Monday, May 08, 2006

Managing attention

My client this week is attending the largest conference in their industry. For this, I have been preparing materials and redesigning their website. As happens sometimes at the last minute with websites, software didn't come through in time (they aren't a start-up remember) and we missed the launch. Yet all of the executives and materials are at the conference. And the website launch goes into a list of Post-Conference Tasks. There is no contact form, no tracking, no optimized keywords, the list goes on. My demand generation dream just turned into a nightmare. I half want to go to the conference and tell everyone I see, yes I'm the marketing manager but that's NOT my design. Yes I have materials to send to you on their products. No, they won't look like anything you've seen from the company. Yes there is an 800 number, but no we can't post it yet. For a moment, I miss the light stepping start-ups, get-it-done-now environment. Not the 4 page change control document I was given here, which, funny enough, doesn't change a darn thing.

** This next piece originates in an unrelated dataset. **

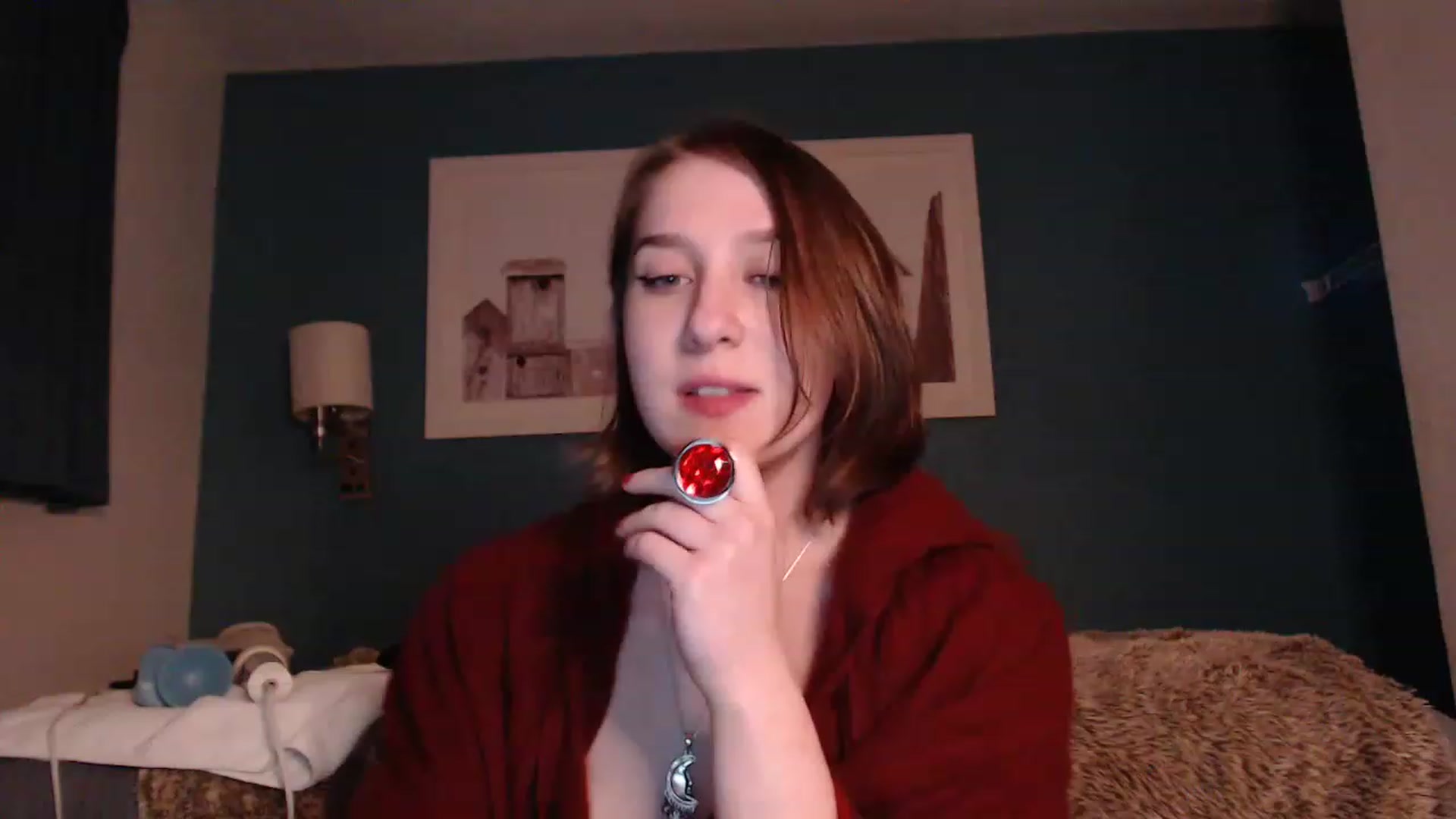 Gallery image thumbnail from GirlDepravity's myfreecams stream on, 04/12/2023, 01:55 image 4 of 20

Ok, you see me. Now what?As a marketeer, managing the attention you are lucky enough to draw up is important. Digging up the interest is only half the war. What happens when the eyes or ears or fingers eagar to click the next exciting thing are sitting in front of you? I learned some lessons last week at the OnHollywood conference put on by Tony Perkins in this regard, after some kind words were wrapped around a spot-on critisism of me, that managing attention is something I could do better. Always have a backup plan, always be considering your offline channel mix, always use licensed software if your customers will be touched by your services and listen to smart people who say smart things.